Induction-concurrent chemoradiotherapy with or without sintilimab in patients with locoregionally advanced nasopharyngeal carcinoma in China (CONTINUUM): a multicentre, open-label, parallel-group, randomised, controlled, phase 3 trial
- PMID: 38824941
- DOI: 10.1016/S0140-6736(24)00594-4
Induction-concurrent chemoradiotherapy with or without sintilimab in patients with locoregionally advanced nasopharyngeal carcinoma in China (CONTINUUM): a multicentre, open-label, parallel-group, randomised, controlled, phase 3 trial
Abstract
Background: Anti-PD-1 therapy and chemotherapy is a recommended first-line treatment for recurrent or metastatic nasopharyngeal carcinoma, but the role of PD-1 blockade remains unknown in patients with locoregionally advanced nasopharyngeal carcinoma.
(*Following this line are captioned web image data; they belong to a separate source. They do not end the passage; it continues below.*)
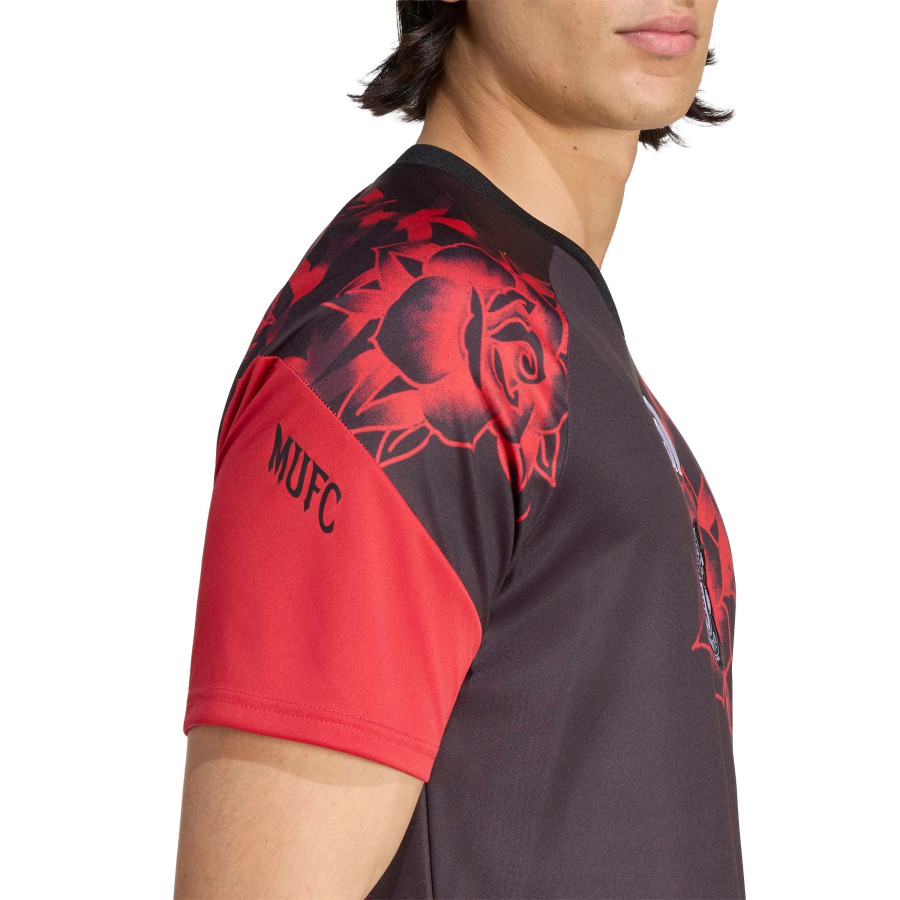 Maillot avant match Manchester United noir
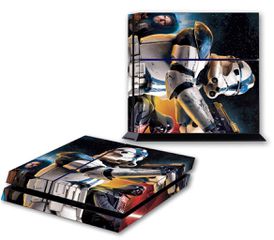 Πλήρες σετ αυτοκόλλητων PS4 Star Wars Stormtrooper FULL BODY Accessory Wrap Sticker Skin Cover Decal για PS4 Playstation 4 (Fat) (OEM)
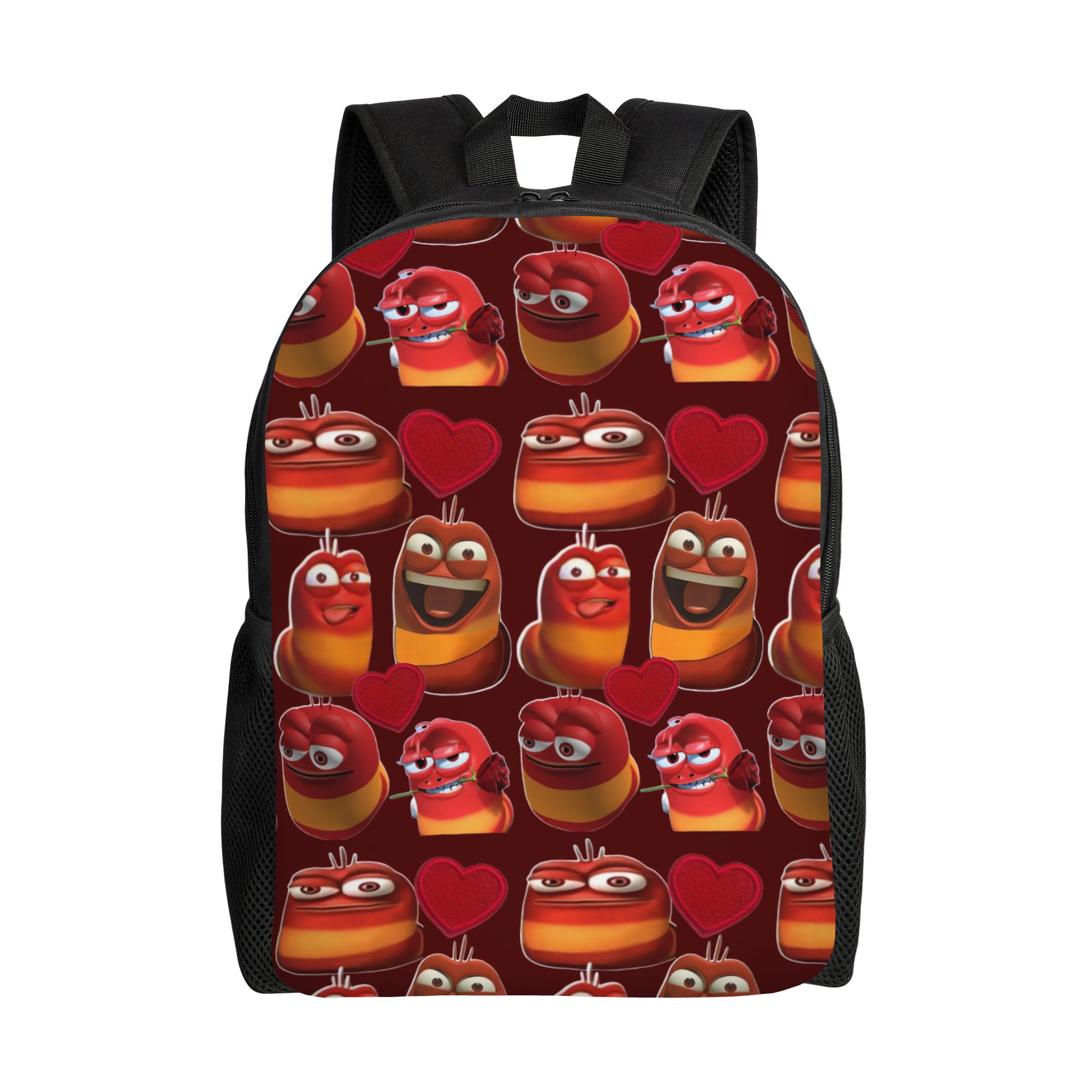 School Backpack Teen - Larva Sarı Larva Kırmızı Sırt Çantası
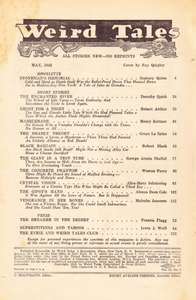 Weird Tales, Vol. 36, No. 5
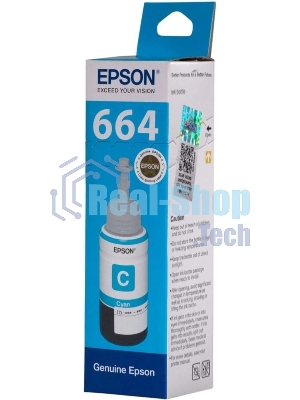 Чернила Epson C13T664298 голубой 70мл для Epson L100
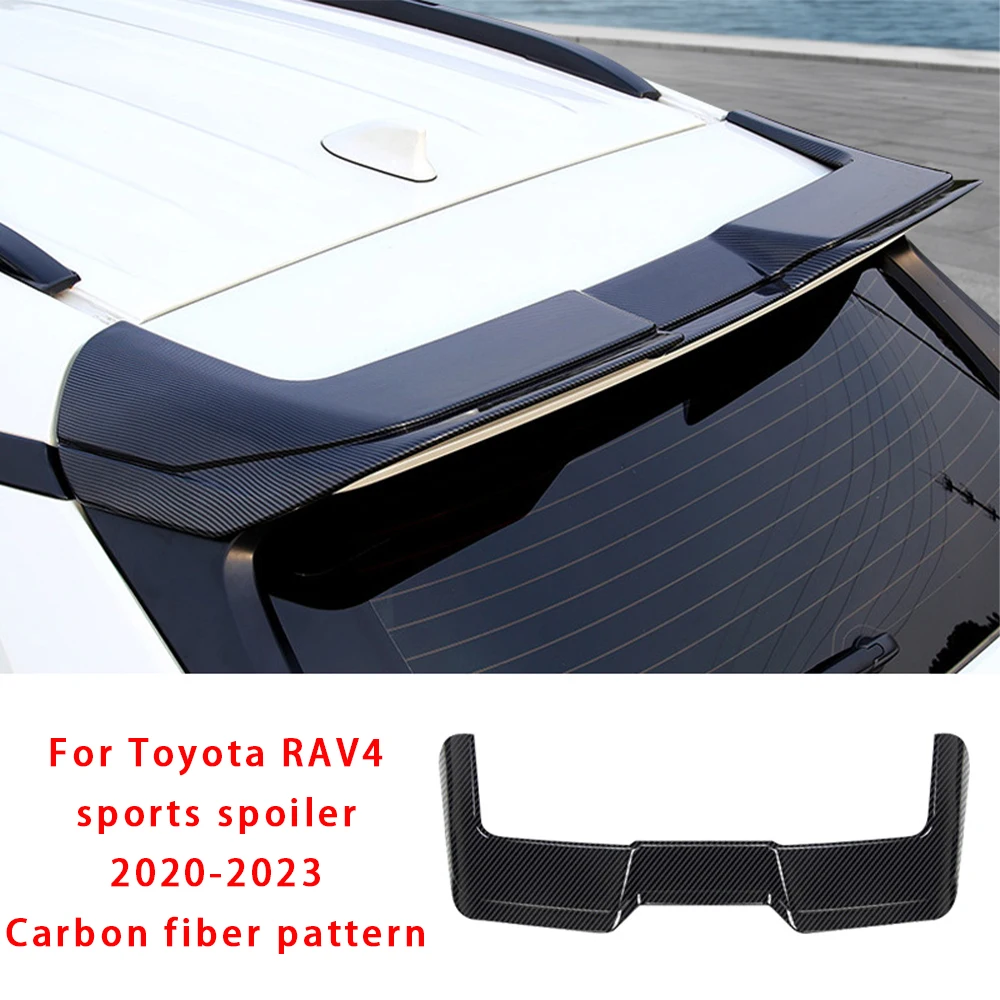 Suitable for Toyota RAV 4 spoiler 2020 2021 2022 2023 4th generation Rav 4  modified top wing rear tail high quality ABS spoilers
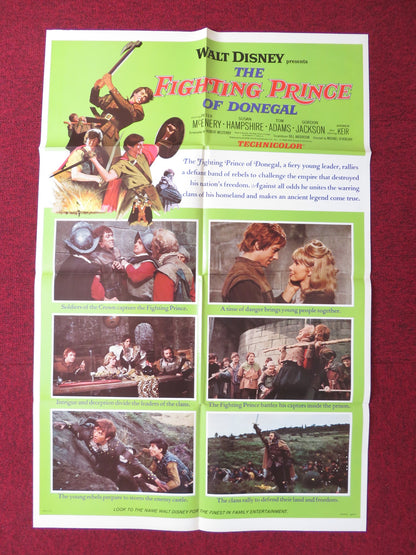 THE FIGHTING PRINCE OF DONEGAL - STYLE B FOLDED US ONE SHEET POSTER DISNEY 1966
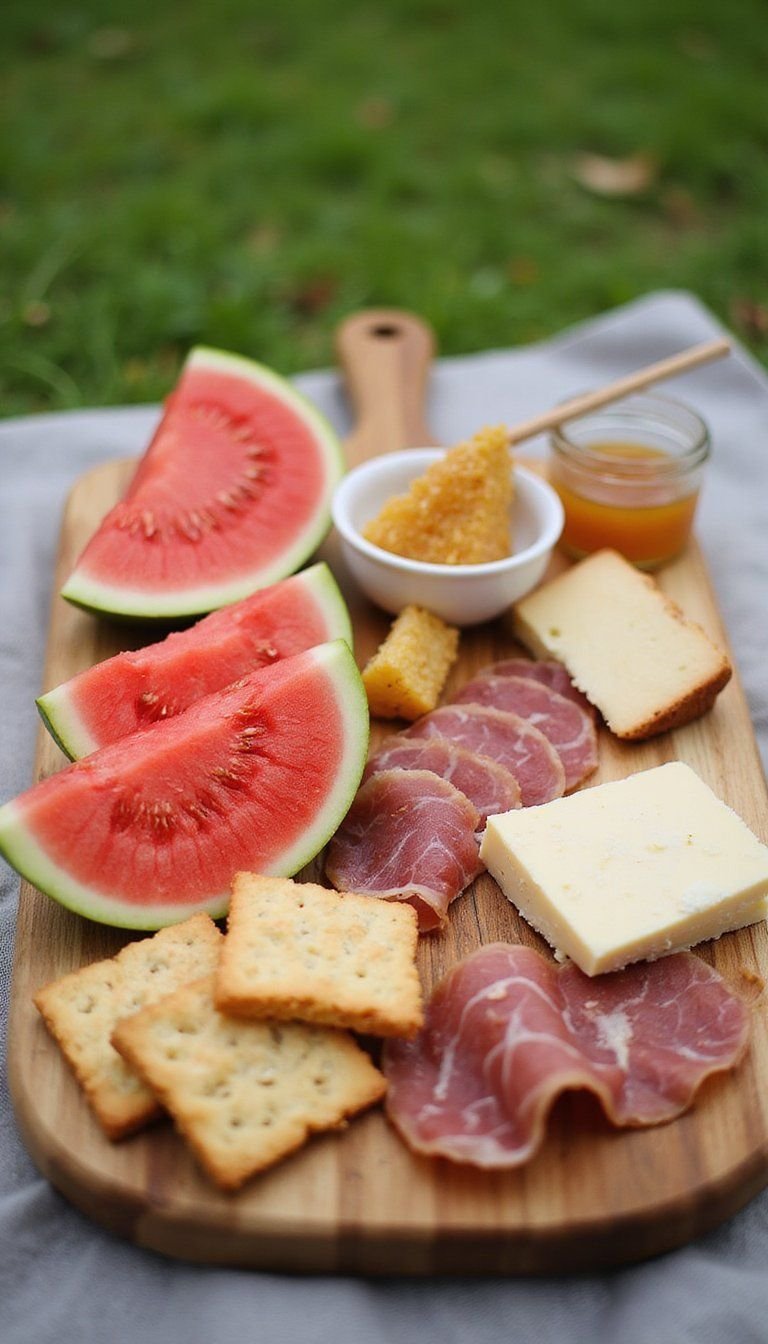 Watermelon Cheese And Charcuterie Summer Board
We assessed the addition of sintilimab, a PD-1 inhibitor, to standard chemoradiotherapy in this patient population.
Methods: This multicentre, open-label, parallel-group, randomised, controlled, phase 3 trial was conducted at nine hospitals in China. Adults aged 18-65 years with newly diagnosed high-risk non-metastatic stage III-IVa locoregionally advanced nasopharyngeal carcinoma (excluding T3-4N0 and T3N1) were eligible. Patients were randomly assigned (1:1) using blocks of four to receive gemcitabine and cisplatin induction chemotherapy followed by concurrent cisplatin radiotherapy (standard therapy group) or standard therapy with 200 mg sintilimab intravenously once every 3 weeks for 12 cycles (comprising three induction, three concurrent, and six adjuvant cycles to radiotherapy; sintilimab group). The primary endpoint was event-free survival from randomisation to disease recurrence (locoregional or distant) or death from any cause in the intention-to-treat population. Secondary endpoints included adverse events. This trial is registered with ClinicalTrials.gov (NCT03700476) and is now completed; follow-up is ongoing.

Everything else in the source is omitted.